Per quanto riguarda invece la Legge 112 del 2016, definita “Dopo di
noi”, le Regioni forniscono Progetti individuali per le persone con
disabilità gravi, promuovendo sul territorio misure di assistenza,
cura e protezione ai soggetti privi di sostegno familiare.
Per il “Dopo di noi” sono stati stanziati 90 milioni per il 2016; 38,3
per il 2017 e 56,1 milioni di euro a decorrere dal 2018 (ridotti nel
2018 a 51 milioni per i tagli sul bilancio dello Stato).
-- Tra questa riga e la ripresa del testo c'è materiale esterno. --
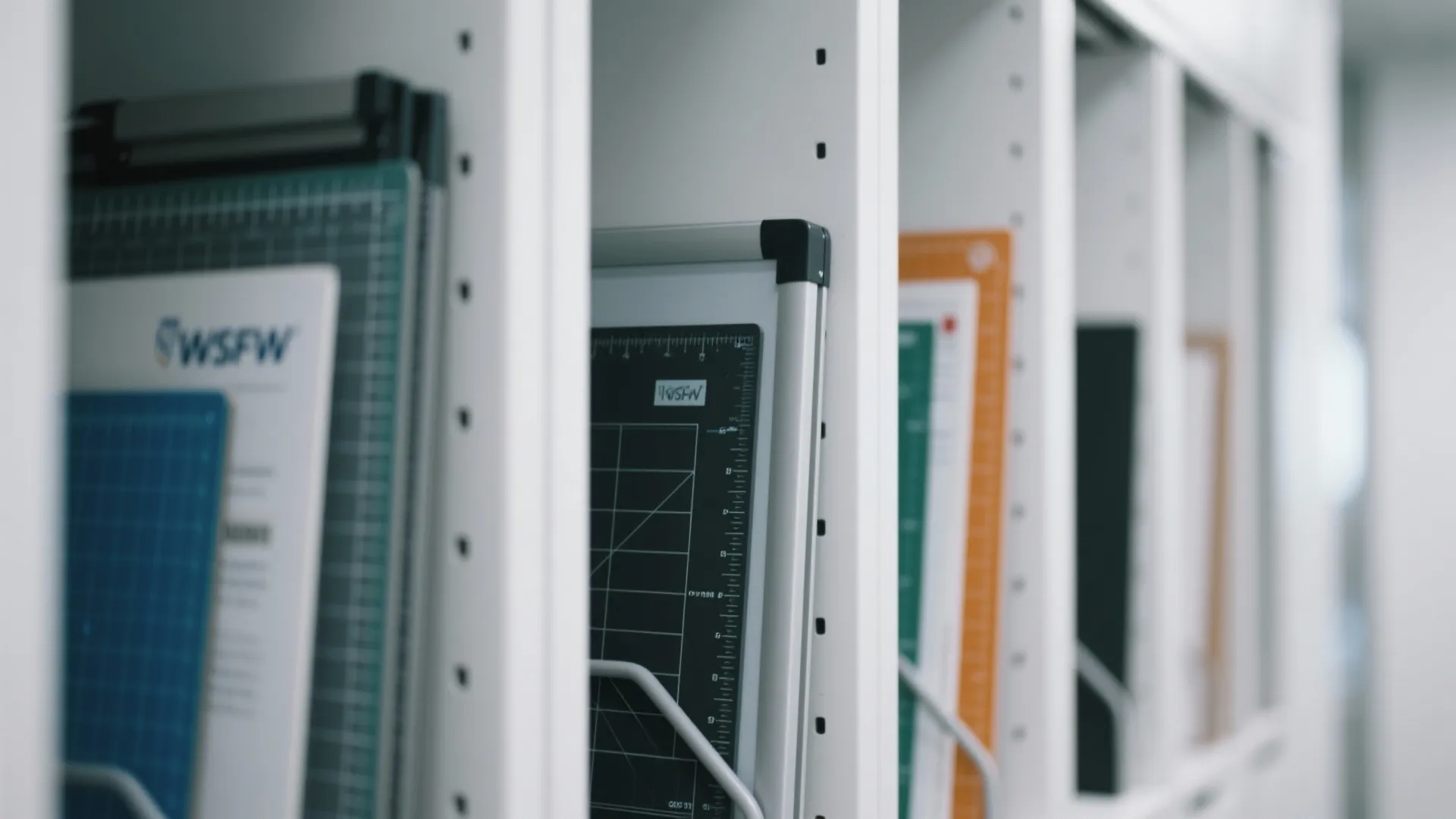 White cabinet with vertical dividers holding different colored cutting mats and boards in tidy order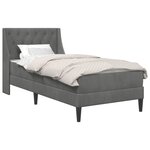 vidaXL Cadre de lit avec matelas Gris foncé 90 x 200 cm Velours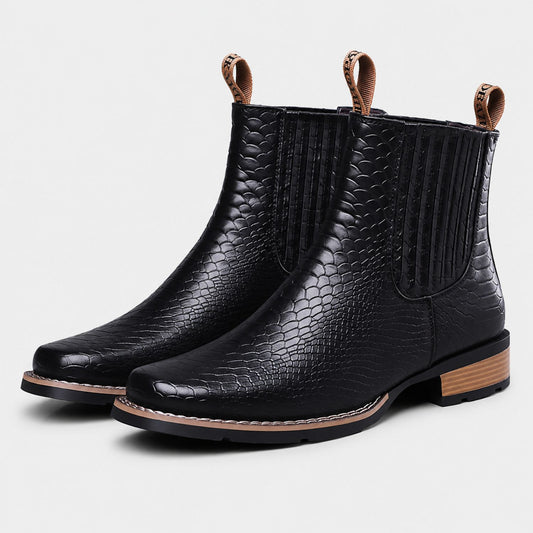 Croc Embossed Dress Boots | Revangiol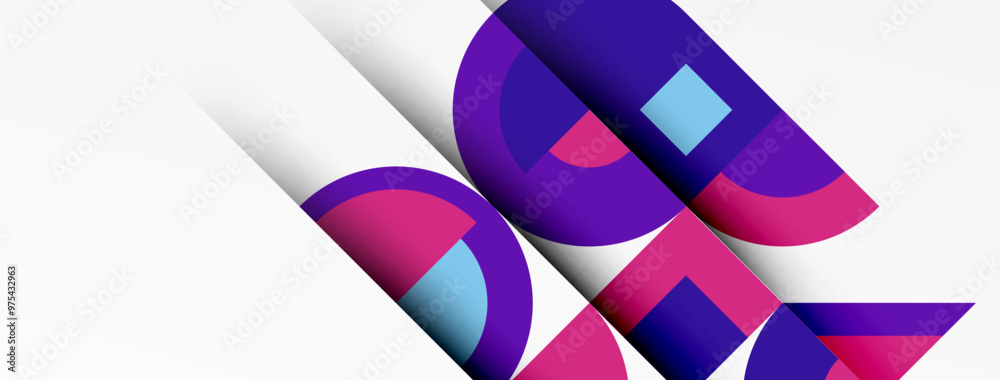 Poster modern geometrical abstract background - circles. business or technology presentation design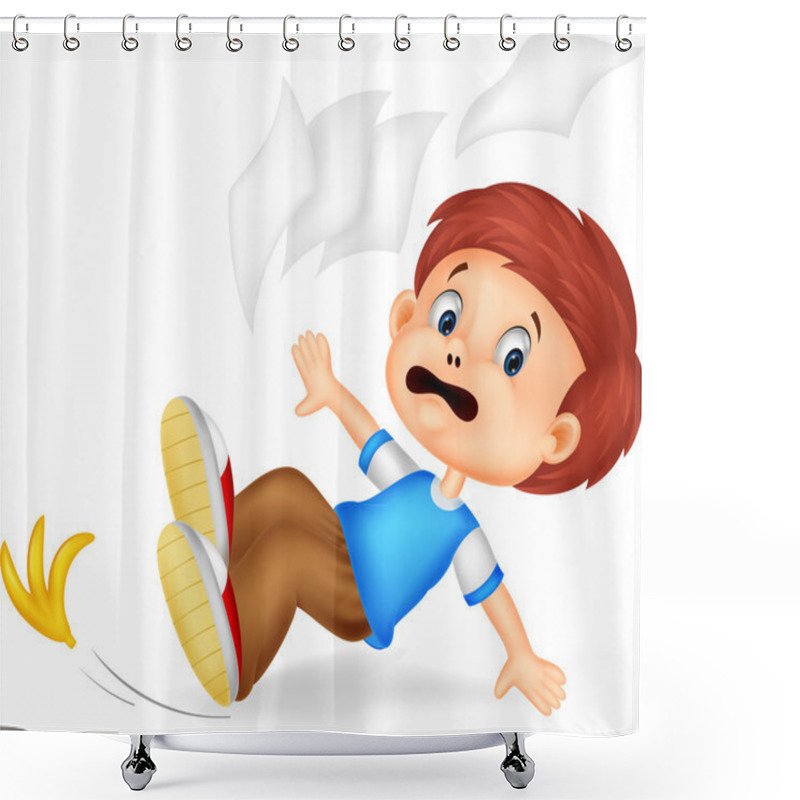 Personality  Cartoon Boy Fall Down Shower Curtains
Seppur con comportamenti non uniformi, rispetto agli obiettivi
regionali, la maggior parte dei fondi sono stati trasferiti agli
Ambiti Territoriali Sociali, responsabili della programmazione, e
attivati processi di condivisione e di informazione alle famiglie e ai
disabili.
Le Regioni, in base al principio della leale collaborazione
istituzionale, hanno realizzato il monitoraggio delle attività
realizzate e dei progetti finanziati. Nel 2018 il 57% dei beneficiari
sono maschi e i tre quarti dei disabili interessati hanno tra i 25 e i
65 anni. Il 6% dei progetti personalizzati ammessi a finanziamento
prevedevano una rivalutazione delle condizioni abitative, il 20%
l’uscita dal nucleo familiare e il 74% percorsi programmati di
accompagnamento verso l’autonomia e l’uscita dal nucleo familiare.
Sono il 15% le persone prive di risorse economiche proprie e di
entrambi i genitori. Ma la maggioranza non è in grado di assicurare il
proprio sostegno, non per ragioni economiche ma per motivi di età e di
salute.
La valutazione operativa è sostanzialmente positiva e le stesse
risorse rese disponibili dallo Stato nella prima triennalità sono
state confermate anche per il prossimo triennio”.